10.11 Google BigQuery (Experimental)

New in version 0.13.0.

The pandas.io.gbq module provides a wrapper for Google’s BigQuery analytics web service to simplify retrieving results from BigQuery tables using SQL-like queries. Result sets are parsed into a pandas DataFrame with a shape and data types derived from the source table. Additionally, DataFrames can be inserted into new BigQuery tables or appended to existing tables.

You will need to install some additional dependencies:

Warning

To use this module, you will need a valid BigQuery account. Refer to the BigQuery Documentation for details on the service itself.

The key functions are:

read_gbq(query[, project_id, index_col, ...]) Load data from Google BigQuery.
to_gbq(dataframe, destination_table, project_id) Write a DataFrame to a Google BigQuery table.

10.11.3 Authentication

New in version 0.18.0.

Authentication to the Google BigQuery service is via OAuth 2.0. Is possible to authenticate with either user account credentials or service account credentials.

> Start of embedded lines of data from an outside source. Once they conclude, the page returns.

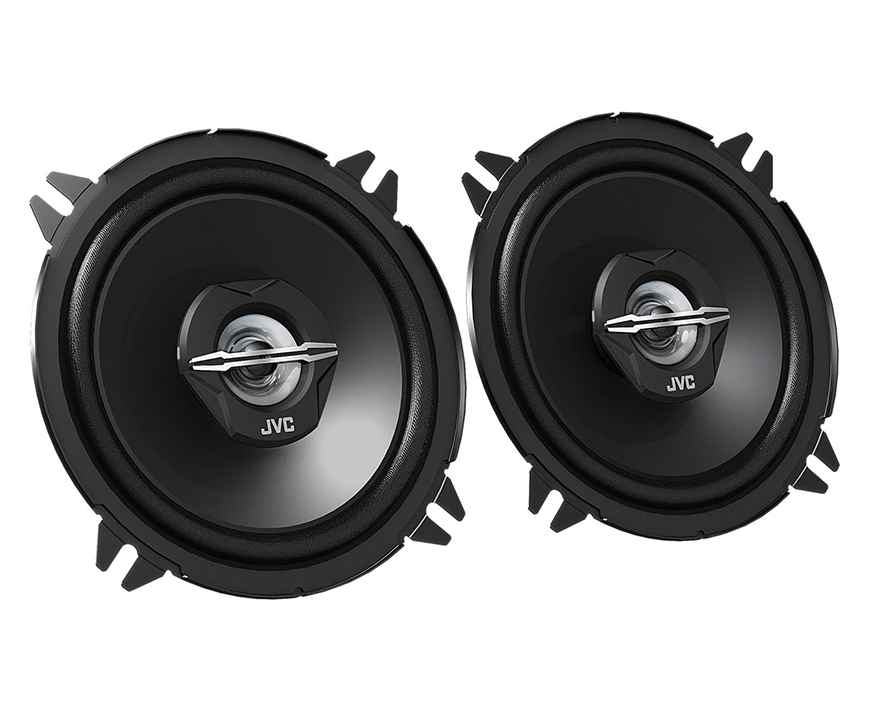 Auto un Moto preces, Auto Audio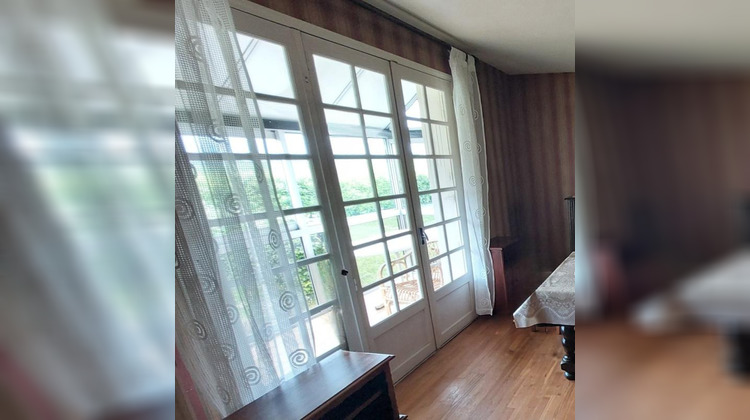 Ma-Cabane - Vente Maison MISSIRIAC, 108 m²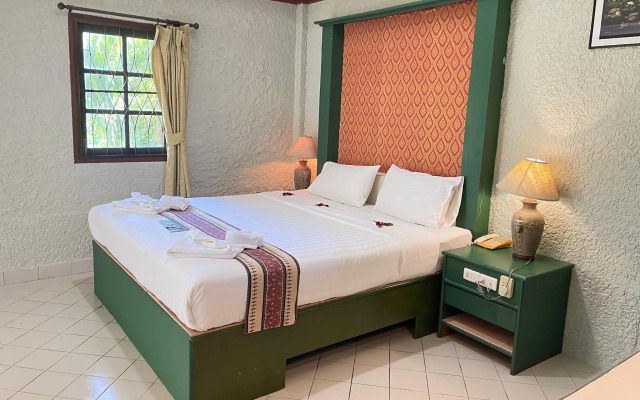 Kata Garden Resort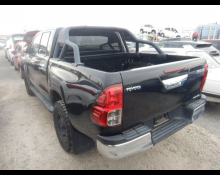 Toyota Hilux 2018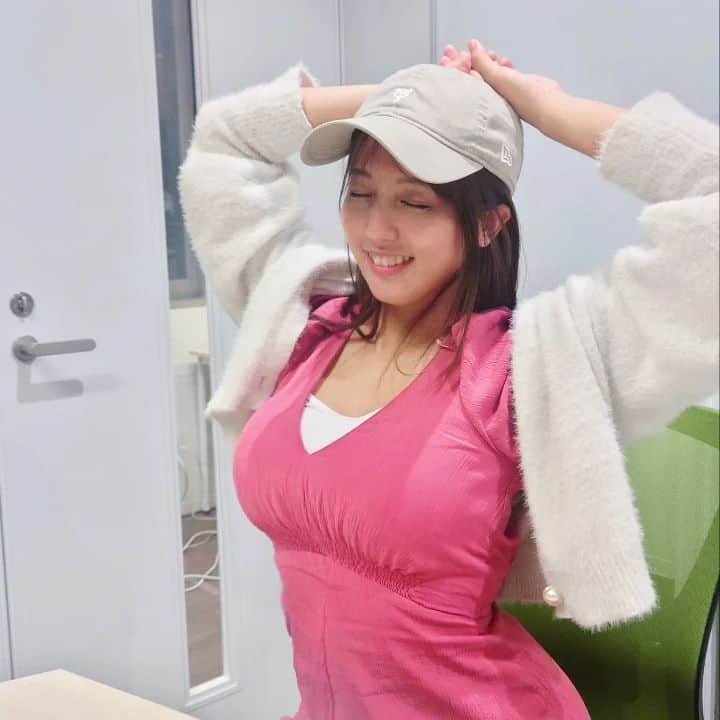 日里麻美のインスタグラム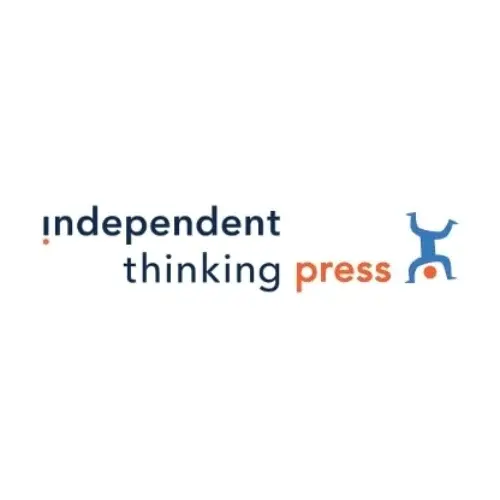 Independent Thinking Press Promo Code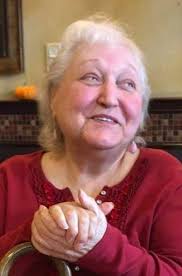 Obituary for Antoinette I. Marra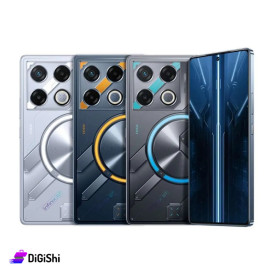 infinix GT 20 PRO 5G 8/256G Mobile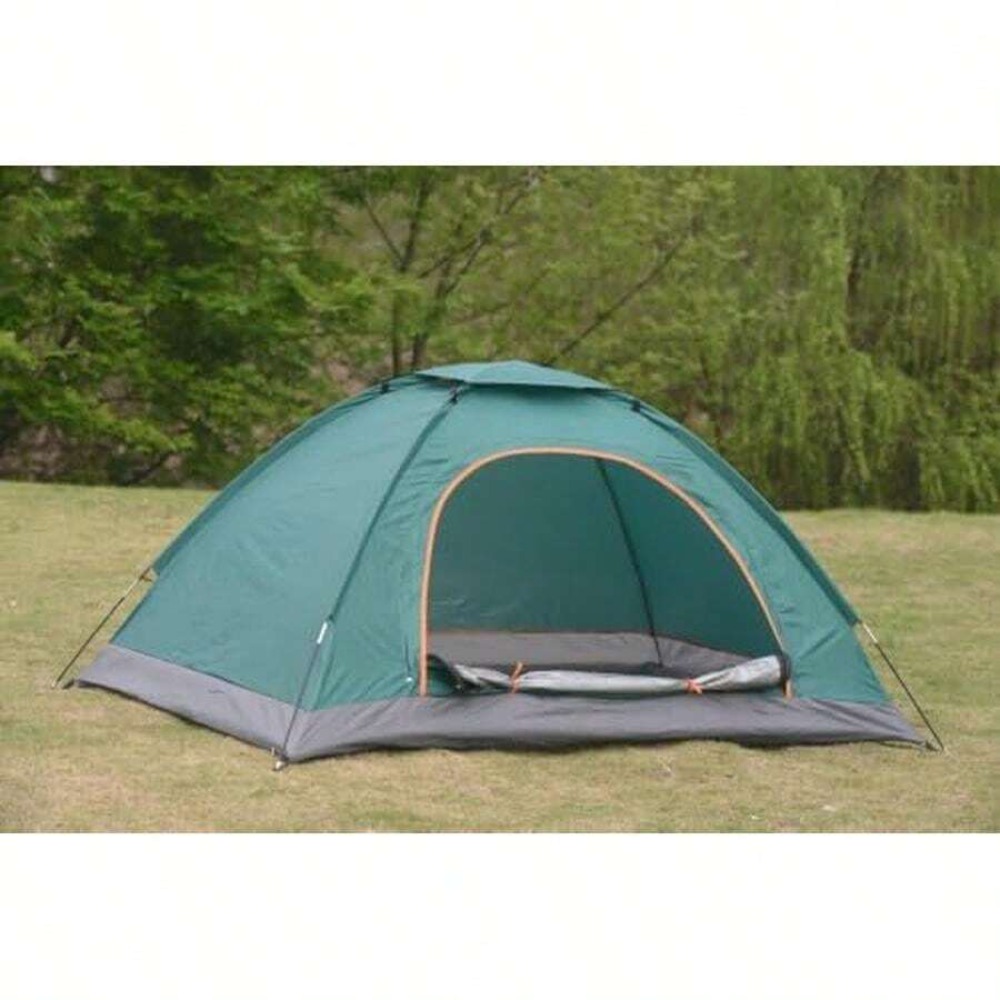 Easy Setup Breathable Mesh Dou - đánh giá và giá Outdoor Adventure Tent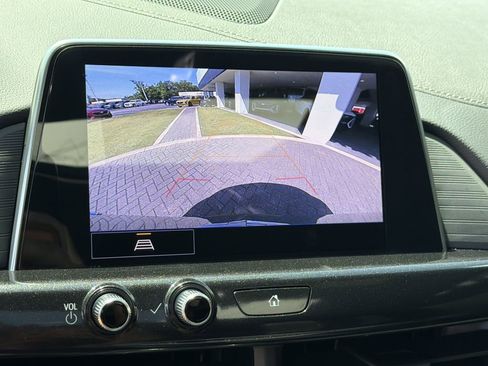 Certified 2026 Cadillac CT4 Luxury AWD/4WD image 23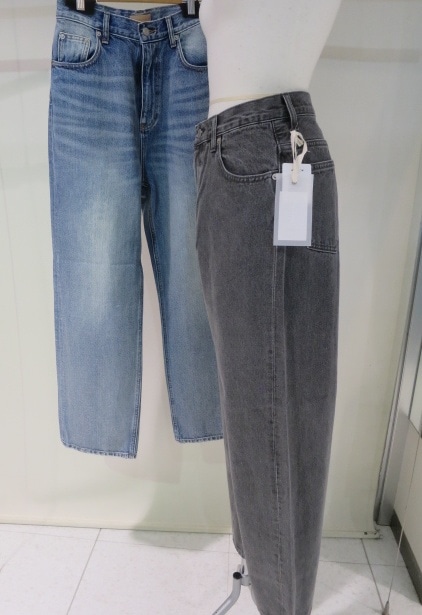 TODAYFUL Cary's Denim 12511401|apricot online shop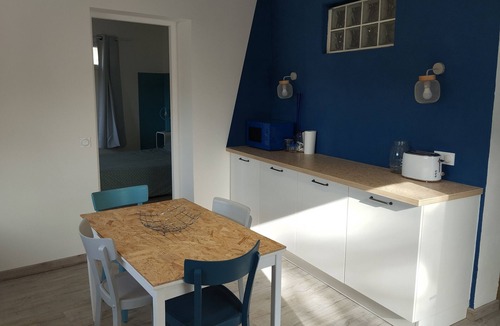 Salernes House | Gite de Campagne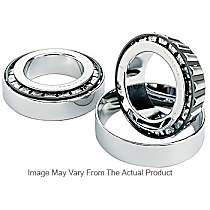 Timken OE Replacement Differential Bearing - Direct Fit, Sold individually
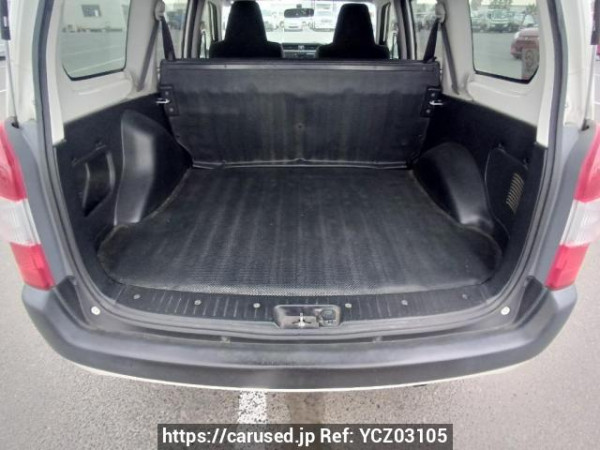 Used 2016 AT toyota succeed-van NCP160V Image[16]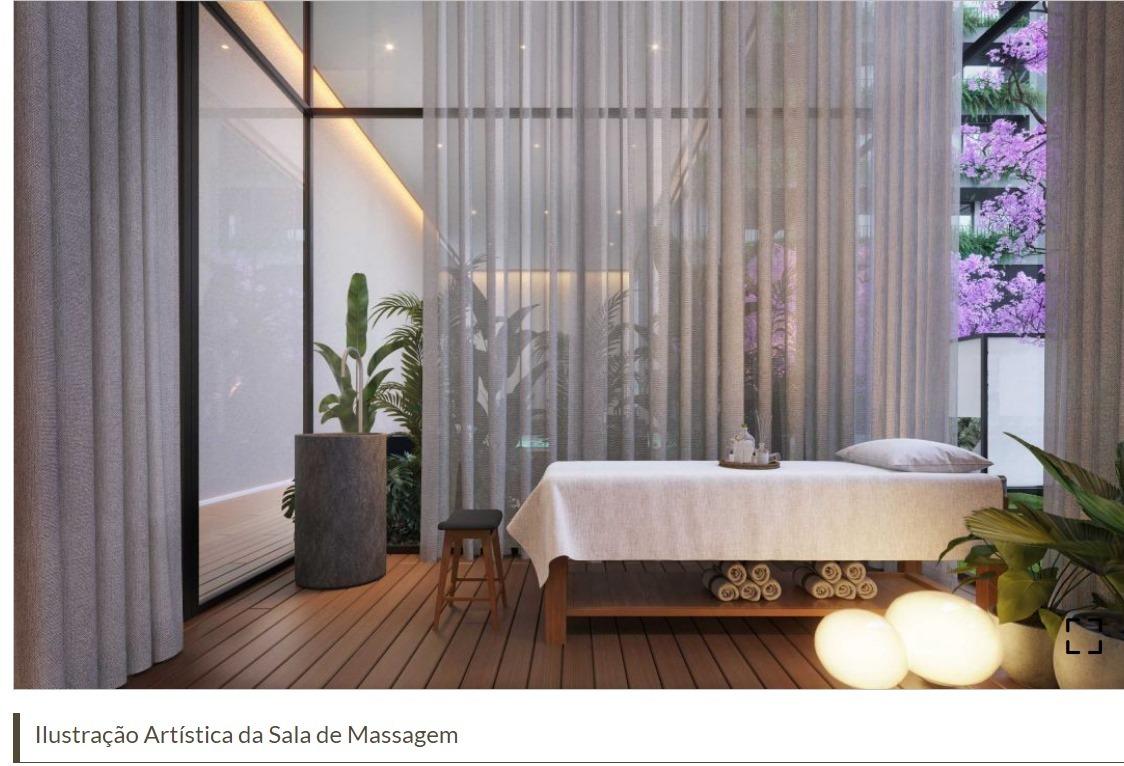 Apartamento, 3 quartos, 127 m² - Foto 17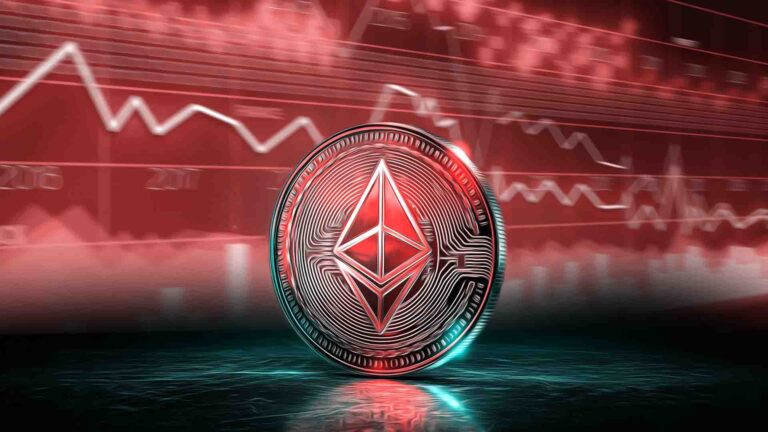 ethereum price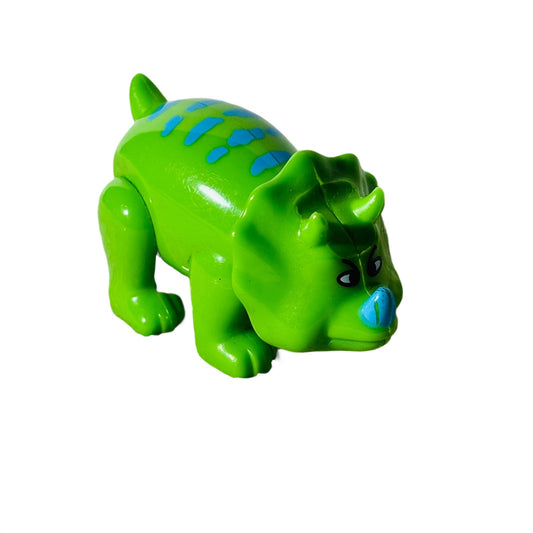 Green Dino - Toy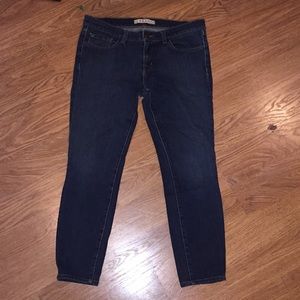 J Brand skinny jeans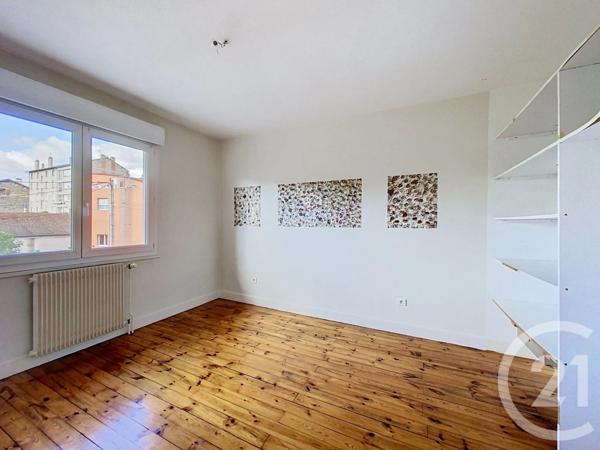 Appartement F4 à vendre  4 pièces - 91,12 m 2   CHADRAC  - 43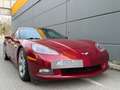 Chevrolet Corvette //TOP//KREDIT//GARANTIE//BORLA//TARGA// Rot - thumbnail 1
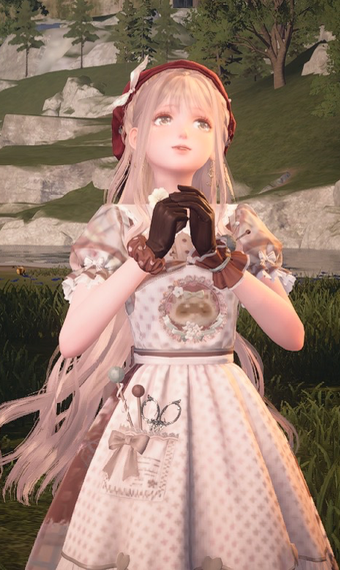 Sugar, Spice and Everything Nice image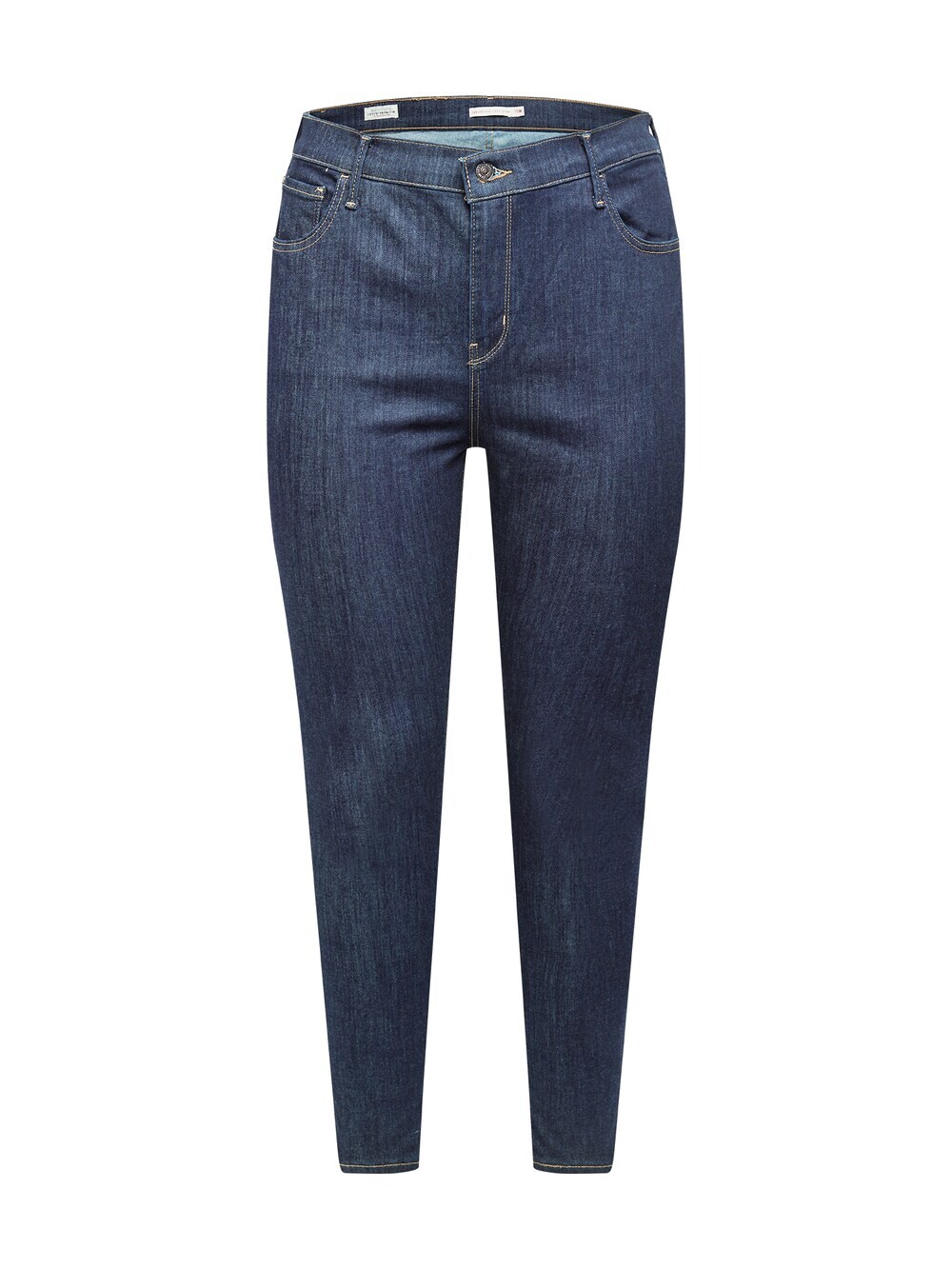 

Узкие джинсы Levis Plus 720, синий
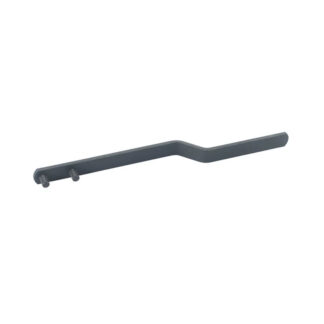 OTC Tools SKU # 7161 - CUMMINS ENGINE TURNING TOOL - 1 EACH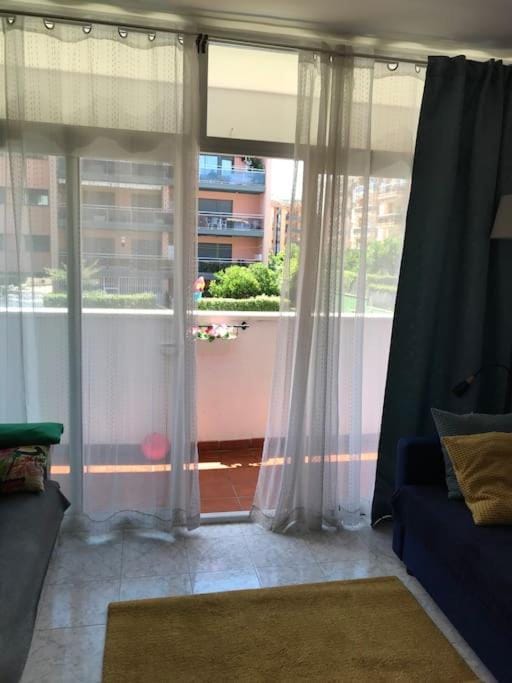 Bonito apartamento a 250m del mar Apartment in Lloret de Mar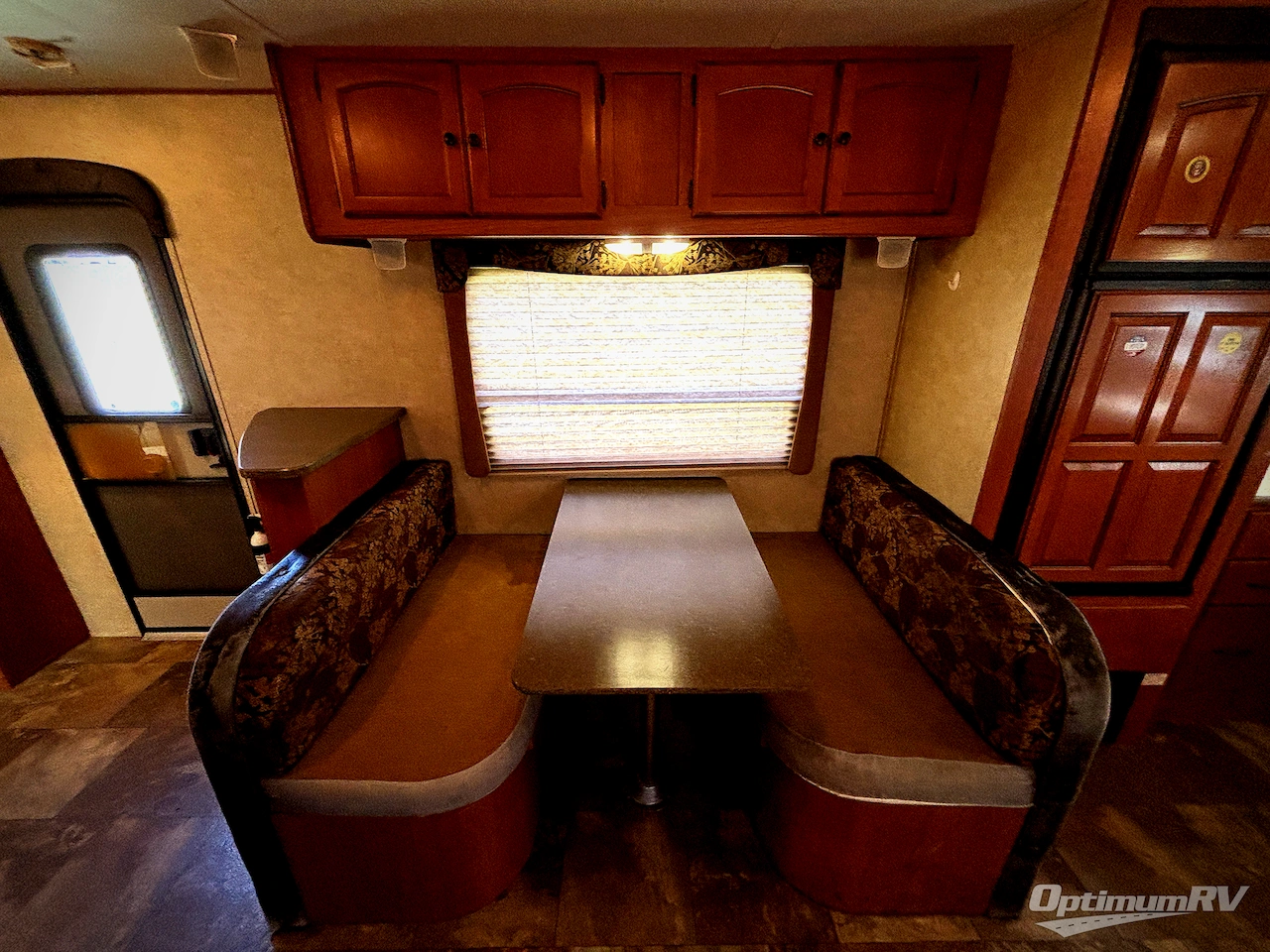 2013 Gulf Stream Streamlite XLT 27RKS Champagne Series Photo 10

Authenticating with user account credentials is as simple as following the prompts in a browser window which will be automatically opened for you. You will be authenticated to the specified BigQuery account using the product name pandas GBQ. It is only possible on local host. The remote authentication using user account credentials is not currently supported in Pandas. Additional information on the authentication mechanism can be found here.

Authentication with service account credentials is possible via the ‘private_key’ parameter. This method is particularly useful when working on remote servers (eg. jupyter iPython notebook on remote host). Additional information on service accounts can be found here.

You will need to install an additional dependency: oauth2client.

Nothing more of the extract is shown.